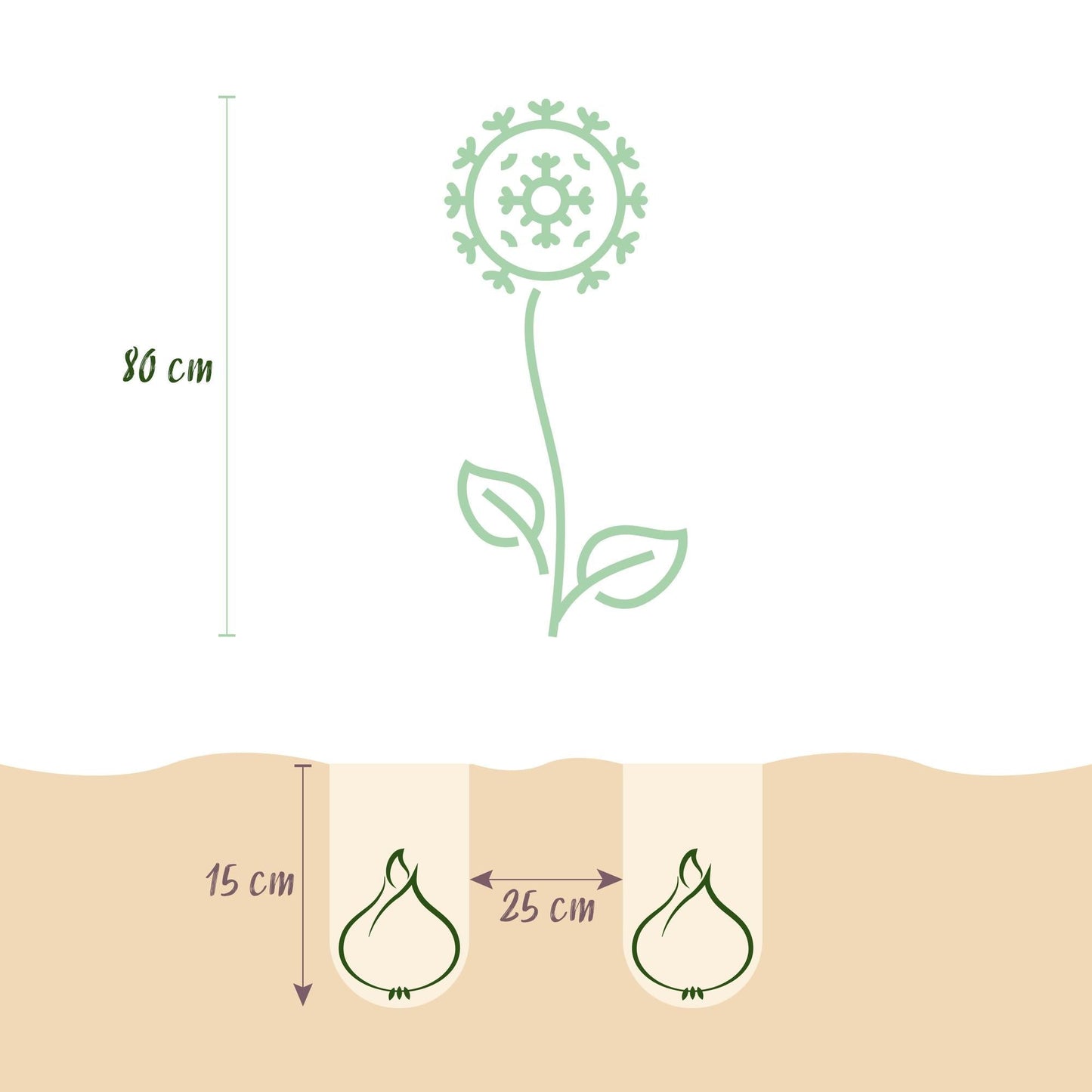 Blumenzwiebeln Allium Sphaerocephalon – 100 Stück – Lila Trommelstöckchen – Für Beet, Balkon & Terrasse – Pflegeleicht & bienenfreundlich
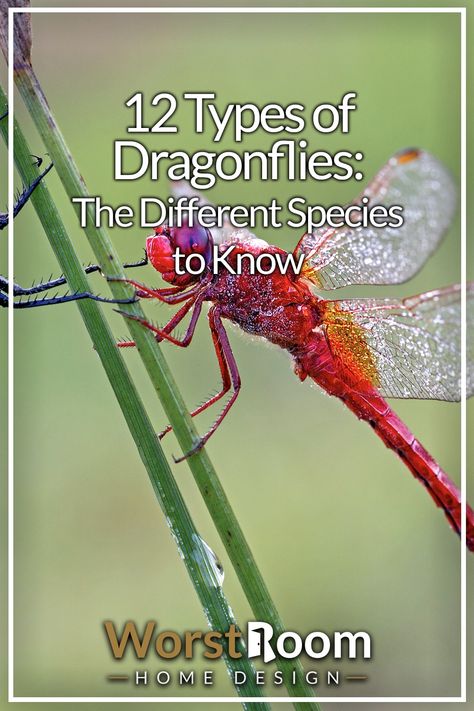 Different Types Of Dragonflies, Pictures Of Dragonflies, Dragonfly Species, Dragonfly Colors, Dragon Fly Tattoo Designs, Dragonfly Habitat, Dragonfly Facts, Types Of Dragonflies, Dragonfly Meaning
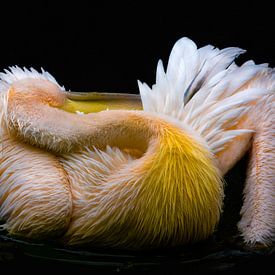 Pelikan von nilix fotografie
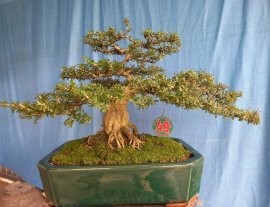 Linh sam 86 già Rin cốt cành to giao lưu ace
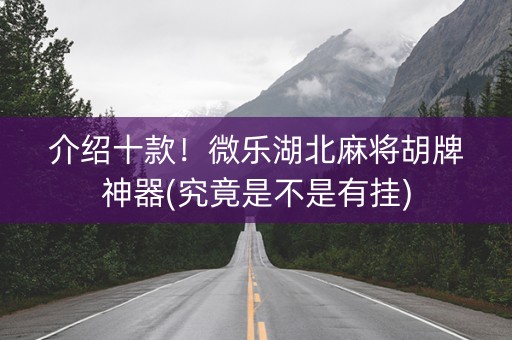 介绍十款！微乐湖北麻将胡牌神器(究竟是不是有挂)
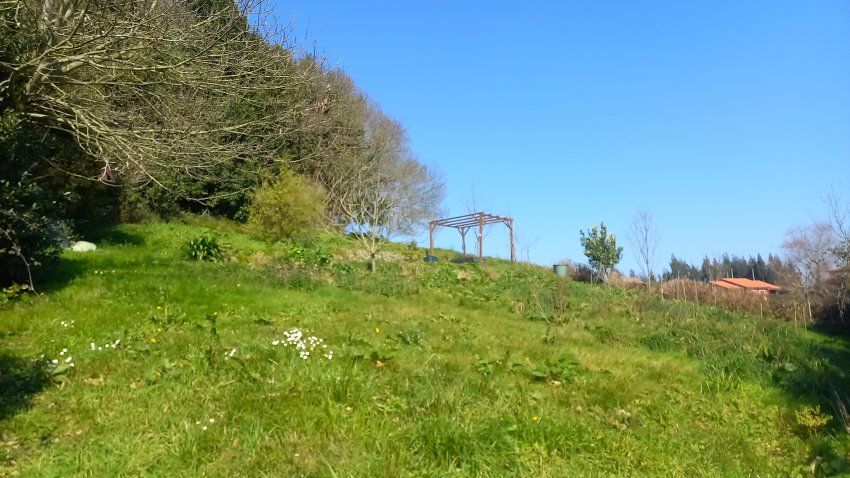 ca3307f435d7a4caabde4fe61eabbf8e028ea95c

- - - -

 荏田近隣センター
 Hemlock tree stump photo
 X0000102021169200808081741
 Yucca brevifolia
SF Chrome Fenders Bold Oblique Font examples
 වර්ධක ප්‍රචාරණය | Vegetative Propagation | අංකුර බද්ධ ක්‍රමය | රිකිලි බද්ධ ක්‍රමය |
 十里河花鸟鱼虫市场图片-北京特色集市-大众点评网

- - - -

## Directions for this task
All lines above from the one holding "X0000102021169200808081741" to the one holding "十里河花鸟鱼虫市场图片-北京特色集市-大众点评网", inclusive, are to be copied exactly; no other line is wanted.

## Output of the task
 X0000102021169200808081741
 Yucca brevifolia
SF Chrome Fenders Bold Oblique Font examples
 වර්ධක ප්‍රචාරණය | Vegetative Propagation | අංකුර බද්ධ ක්‍රමය | රිකිලි බද්ධ ක්‍රමය |
 十里河花鸟鱼虫市场图片-北京特色集市-大众点评网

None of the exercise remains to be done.